Given entries:
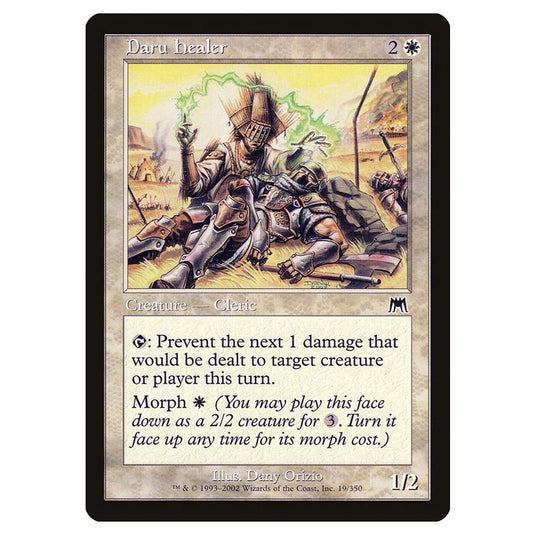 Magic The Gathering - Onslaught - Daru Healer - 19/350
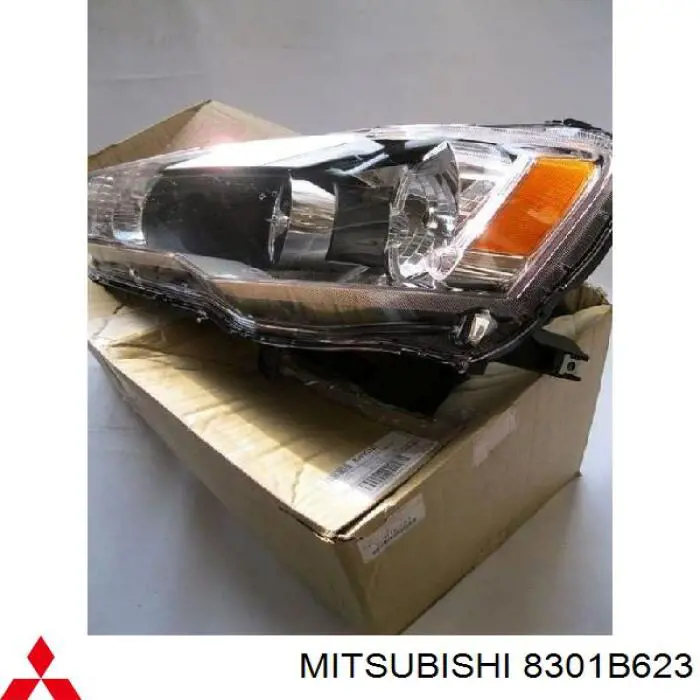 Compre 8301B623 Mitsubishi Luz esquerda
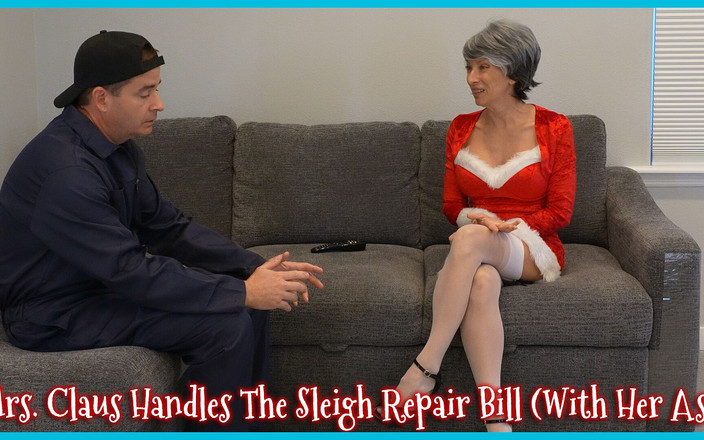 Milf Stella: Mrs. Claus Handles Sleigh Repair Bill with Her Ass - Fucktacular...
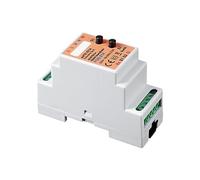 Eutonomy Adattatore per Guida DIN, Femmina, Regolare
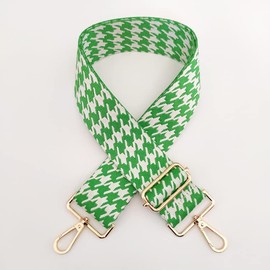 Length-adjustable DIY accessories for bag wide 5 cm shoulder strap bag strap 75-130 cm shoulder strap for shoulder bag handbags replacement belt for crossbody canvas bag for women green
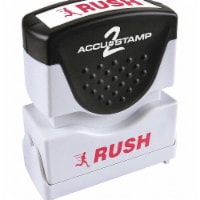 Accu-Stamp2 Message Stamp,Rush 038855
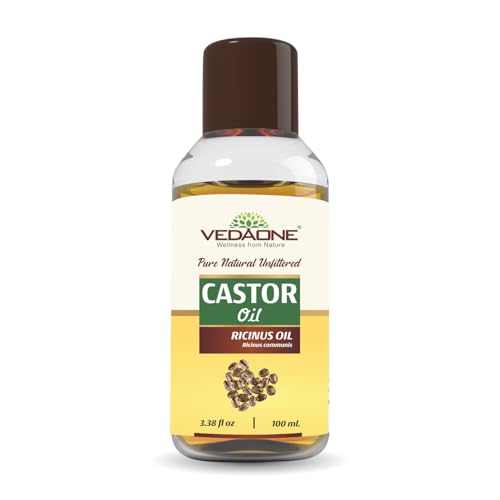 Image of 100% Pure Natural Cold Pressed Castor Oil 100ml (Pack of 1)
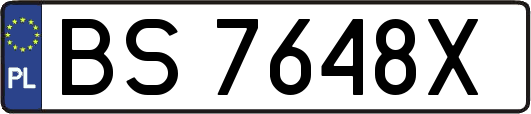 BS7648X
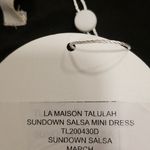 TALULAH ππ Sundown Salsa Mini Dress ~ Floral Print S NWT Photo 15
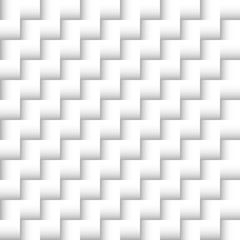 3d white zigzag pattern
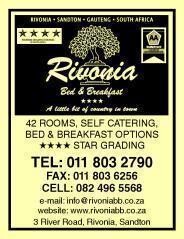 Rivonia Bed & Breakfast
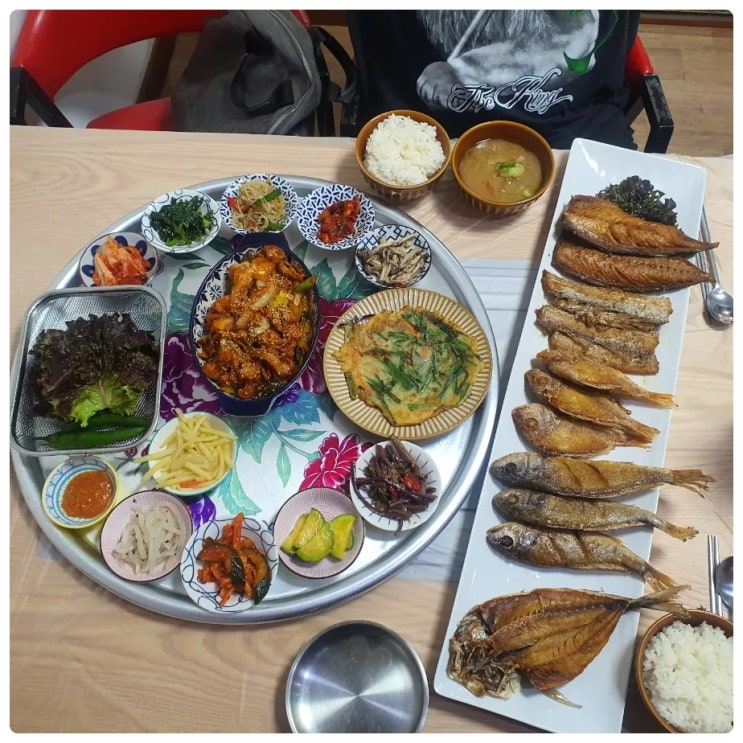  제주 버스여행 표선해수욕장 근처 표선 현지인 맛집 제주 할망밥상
* * *
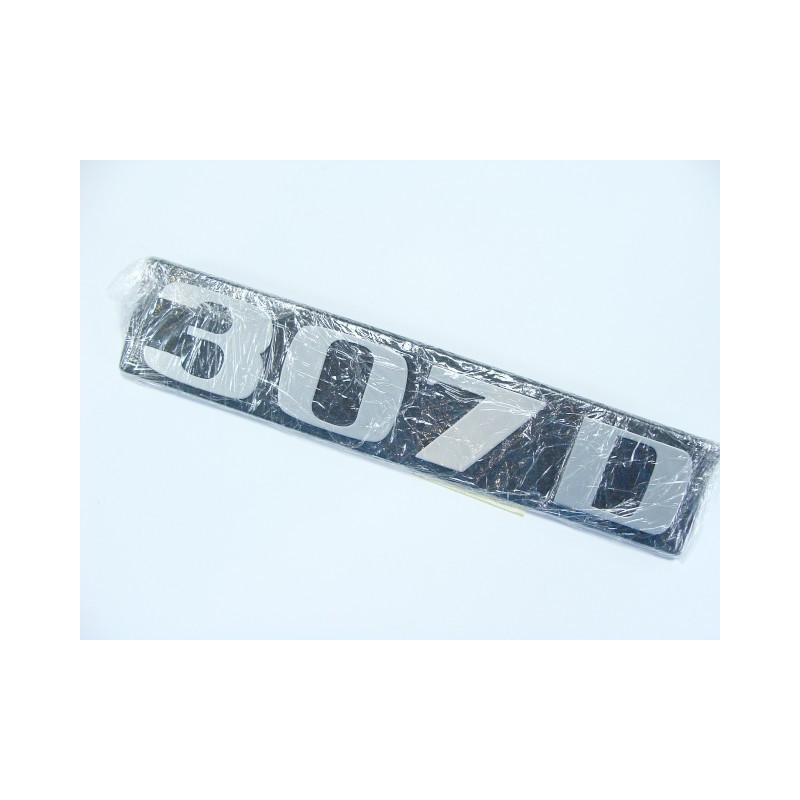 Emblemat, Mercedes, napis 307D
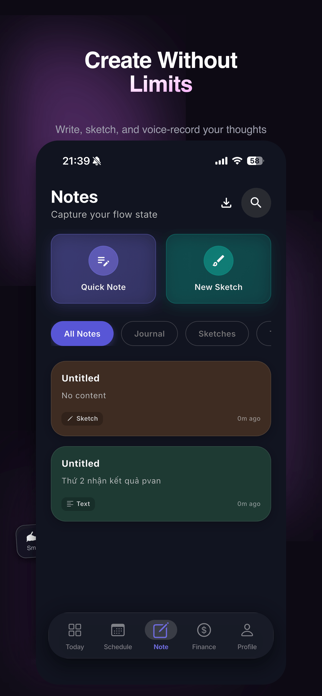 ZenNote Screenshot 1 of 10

Exercise description: Of the lines above, copy only those from the one holding "Emblemat, Mercedes, napis 307D" to the one holding "ZenNote Screenshot 1 of 10", both included, and exclude every image.

Answer space:
 Emblemat, Mercedes, napis 307D
 ZenNote Screenshot 1 of 10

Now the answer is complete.